Not that our lawmakers deserve any sympathy on this score. In going ahead with a "nonbinding" election that was empty of any purpose, Missouri lawmakers on both sides of the aisle knowingly and shamelessly put your money to waste -- treating a $7 million cost to taxpayers as a mere trifle.
What, after all, is $7 million?
A trivia buff could tell you that the entire federal budget amounted to just more than $7 million in 1794.
But there are other more relevant ways of thinking about the importance of $7 million:
* If you were acting in the capacity of Missouri Gov. Jay Nixon or a member of the state Senate, you could see it as a small but not insignificant down payment in trying to eliminate the yawning $500 million shortfall in the fiscal 2012 budget.
* You could tell yourself that this would be enough money (if left in the private sector) to allow every parent in Missouri to treat their children to lunch at a McDonald's or Steak 'n Shake.
* You could act as though this was real money taken from hardworking people -- amounting to more than 150 times the median family income in the state of Missouri.
But this was not the thinking of our elected officials. As Missouri Sen. Kevin Engler (R-District 3) told the Show-Me Institute: "People are furious and you can't blame them. In the 10 years I've been here, this is the dumbest thing I've seen the legislature do. We spent $7 million -- or just about $25 a vote -- in an election in which not even one out every 12 people voted. This is an election that did absolutely nothing, while we as a state are firing hundreds of people in trying to cut a half a billion dollar budget deficit."
Last year, the Republican-controlled legislature approved a measure to reset the primary to a later date in order to avoid violating national party rules that would have punished states for trying to hold a primary election before March 6. On unrelated grounds, Gov.
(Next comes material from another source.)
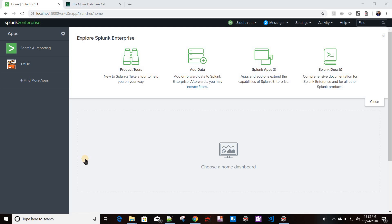Today we'll discuss how to create a streaming custom command in Splunk. A streaming command works on each and every event. Previously we have seen how to create a generating custom command in Splunk, and now in this video we will be creating the streaming custom command.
Nixon vetoed the larger legislation that contained the new primary date. Another effort to reset the primary date failed in the special session last fall.
However, even after the state Republican Party decided to hold a March 17 caucus to determine the state's delegates to the national convention, some Republicans in the Senate continued to trumpet the people's "right to vote" in the de-husked primary, even though the practical effect of the vote would be slim to zero.
Sen. Engler described the money and effort wasted on the primary as "a bipartisan failure" which could have been avoided if elected officials of both parties had been less cavalier about wasting taxpayers' money. He noted that all eight of the Democrats in the Missouri Senate joined Republicans in voting to keep the primary election in February.
I did vote Feb. 7 -- but only out of curiosity. I went to my polling place in St. Louis' Central West End at 5 p.m. Only eight other people were there -- all of them poll workers. I was the only voter.
This much is certain: An overwhelming majority of Missourians voted with their feet in paying no heed to a meaningless election. And if there is any further lesson to be drawn, it may be this: If the Political Class is so careless in spending millions of dollars of your money, can you trust them in spending billions, or even trillions?
Andrew B. Wilson is a resident fellow and senior writer at the Show-Me Institute, which promotes market solutions for Missouri public policy.